Why You Should Register Your Business Name

I recently worked with a new corporation that wanted to start in Illinois, and we ran into an interesting problem with the business name. We filed the Articles of Incorporation online and received approval. Then we got an attorney involved to draw up the corporation's by-laws and some other documents. The attorney did some checking and found two corporations with almost exactly the same name in the state. If we had specifically registered the business name with the state when we started, we would have found out about the other name sooner and saved ourselves some time and confusion.

 

Registration of your business name is a good idea in two specific cases: 

  • If you are thinking about starting a business but you are not yet sure what legal form you want, and you have a business name, register it. You can always change your mind later, but the registration process will save your name. 
  • If you're forming a sole proprietorship, you should definitely register your business name with the state because sole proprietorships aren't registered in any other way. 

How to Make Sure You Can Use Your New Business Name

Before you start using that name, you'll need to be sure no one else is using it by doing research on your business name. That means checking with both your state business data base and the federal trademark data base. It's important to check both the state and trademark data bases, because your business will have an online presence. 

The term "registering a business name" may be confusing. There are really two different processes involved, and you will have to do both, in most cases: (1) registration with your state and (2) registration with your locality.

Registration of your business name takes place in your state, through your state's business division (usually part of the Secretary of State). Registration is not the same as trademarking your business name, which is done through the U.S. Patent and Trademark Office. 
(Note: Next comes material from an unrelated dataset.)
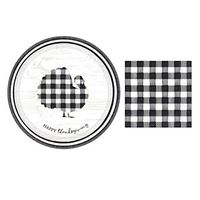 Disposable Fall Paper Plates and Luncheon Napkins, Set of 16-10 1/2 Inch Plates and 32 Napkins (Black & White Check)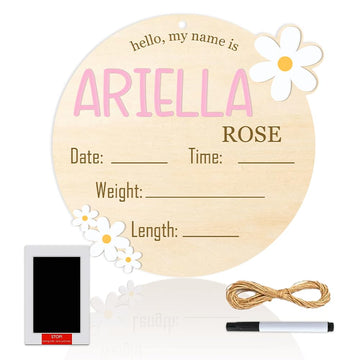 Double Sided Wooden Baby Announcement Sign with Custom Name, Birth Stats, and Footprint Perfect Keepsake for Newborn Hospital Photos, Nursery, and Memory Display BX25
Registering Your Business Name with Your State 

Registering your business name with your state. You can register your business name with your state, which is basically a process of reserving it so no one else can use it in your state. If you are forming an LLC, partnership, or corporation, the name registration is part of that process; you don't have to do a separate name registration. 

Register a Business Name for a Sole Proprietorship 

If you are operating your business as a sole proprietorship, you don't have to register your business with your state, so you should register your business name with your state. Check the website of your state's secretary of state for more details on how to complete the business name registration.

Register a Business Name for a Limited Liability Company, Partnership, or Corporation

If you are are operating as a limited liability company (LLC) or corporation, you don't need to register the business name, because the process of setting up the LLC or corporation includes the business name registration. No separate business name registration is required.

Registering Your Business Name with Your Locality

In addition to registering your business name with your state, you may need to register your business with the city or county where your business is operating. This name registration is called a "doing business as" or business license. The purpose is to let people know who owns your business. 

If your business name is different from the name you are using for advertising and public purposes (your business  trade name), you will need to file a "fictitious name" statement, sometimes called a "d/b/a" or "doing business as" statement. This statement is filed in the county where your business is operating. The process of filing a d/b/a or fictitious name statement is one of the first things you should do if you are going to use a trade name that is different from the name you have registered.

Why You Might Want to Trademark Your Business Name

You may also decide that your name is so great that you want to make absolutely sure no one else takes it. The way to do this is to trademark your business name. It's best to create your name in graphic form as a logo, in order to make the trademark more secure.